Story Stocks®
Updated: 24-Mar-25 11:42 ET
Kenvue edges modestly higher after landing on another activist investor's radar (KVUE)
Kenvue (KVUE) is once again finding itself in the crosshairs of an activist investment firm after feeling the heat from Starboard Value earlier in the year. According to Bloomberg, TOMS Capital Management has accumulated a stake in KVUE -- the size of which is undisclosed -- and is pushing for the company to separate business units, or to sell itself outright. Since being spun off from Johnson & Johnson (JNJ) in August 2023, KVUE has delivered underwhelming financial results, as reflected in the stock's 9% decline following the separation from JNJ. That subpar performance, including five consecutive quarters of yr/yr revenue declines, has made KVUE a target for activist investors.

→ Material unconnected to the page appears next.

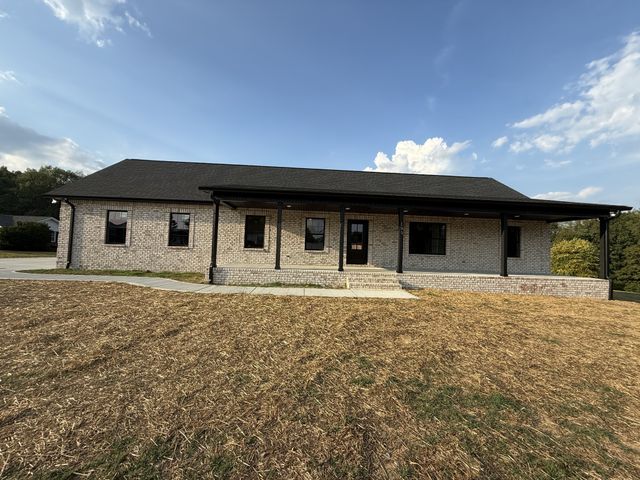 155 Applehill Drive, Lafayette, TN 37083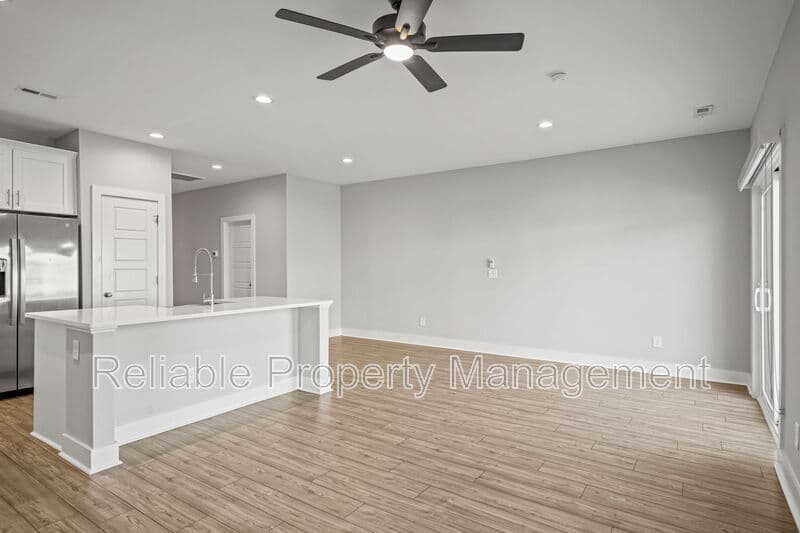 Clayton Townhome: 4 S Laird Drive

- On March 5, KVUE appointed two new independent directors to its Board of Directors and announced that Starboard's Chief Executive Officer and Chief Investment Officer, Jeffrey Smith, will also be joining the Board. The move has placated Starboard, which subsequently withdrew its slate of nominated director candidates. TOMS Capital Management, though, believes that more drastic measures are needed to turn KVUE's fortunes around.

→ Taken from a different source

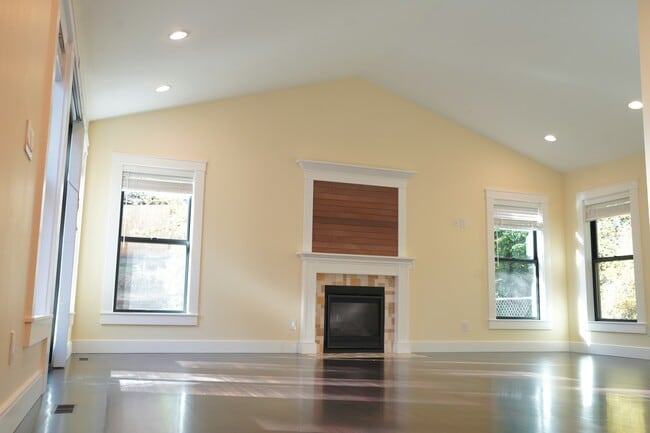 Building Photo - 3839-3136 136th Ave NE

- At this point, it's not clear what specific business unit(s) TOMS Capital Management would like JNJ to spin-off or sell-off. Over the past several years the market has seen some very prominent companies either execute or announce spin-offs, such as General Electric (GE), 3M (MMM), DuPont (DD), and Honeywell (HON). Business separations can create several advantages including valuations that better reflect the individual performances and growth prospects of individual segments, streamlined operations that can reduce complexities and costs, and more strategic flexibility to pursue acquisitions and partnerships.

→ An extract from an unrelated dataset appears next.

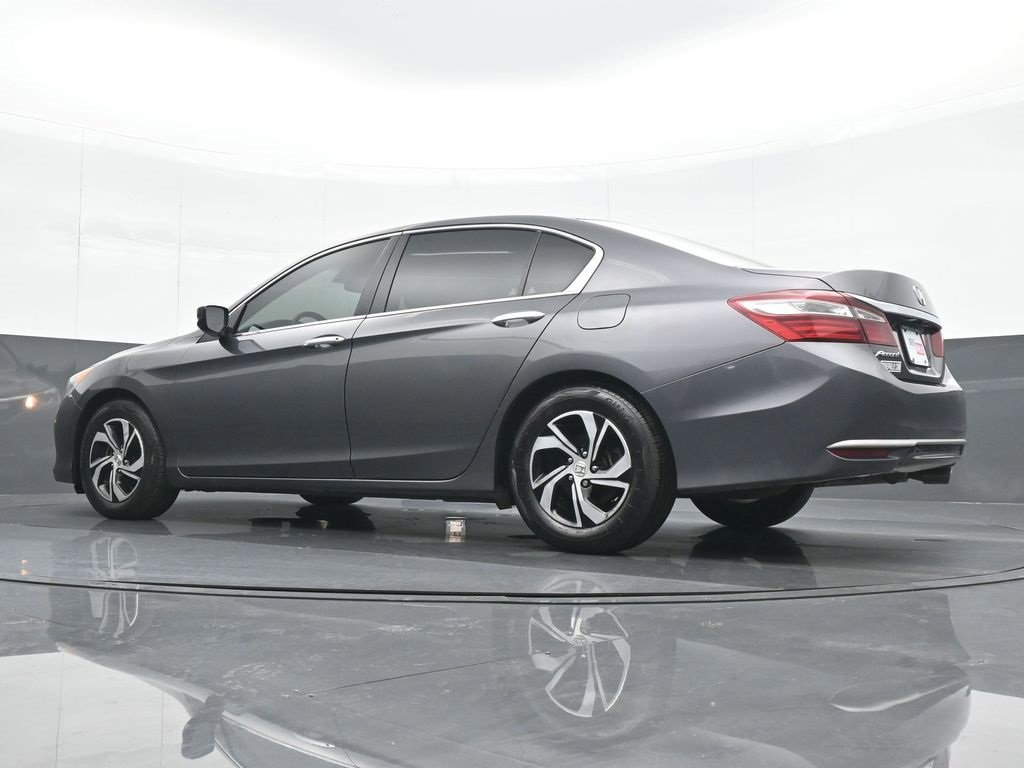 Used 2017 Honda Accord LX image 19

- In our view, spinning off the struggling skincare and beauty businesses could make strategic sense. The business segment, which owns brands like Neutrogena and Aveeno, experienced a 2.6% increase in organic sales in Q4, but a 4.5% decline for FY24. In comparison, competitor Proctor & Gamble (PG), which owns the Olay, Dove and SK-II brands, delivered organic sales growth of 3% with a low single-digit drop in FY24.
- In addition to tough competition from PG, Unilever (UL), Haleon (HLN), and others, KVUE's Skin Health & Beauty segment is contending with sluggish demand and distributor issues in China. Meanwhile, the company's Self Care business (Tylenol, Benadryl, Visine, etc.) has seen soft demand in the cough and cold category, while a stronger U.S. dollar has hurt both segments. To address these challenges, KVUE has initiated its "Vue Forward" program that's expected to contribute $350 mln in annualized savings by 2026, and it's planning a 20% boost in brand investments, focusing on advertising and social media, particularly targeting Gen Z customers.
- TOMS Capital Management doesn't seem convinced that these actions will be enough to turn the tide for KVUE. It is possible that separating the skin care business from the company could increase shareholder value, but it isn't a guarantee. For example, after disclosing its decision to spin off its freight division on December 19, 2024, shares of FedEx (FDX) are trading lower by about 12% since the announcement.
TOMS Capital Management is advocating for KVUE to further distinguish its operations after being separated from JNJ, which should lead to a more agile and streamlined business should KVUE go the spin-off route. However, a separated KVUE could also lose the sales and cost synergies and efficiencies that it enjoys as a larger company.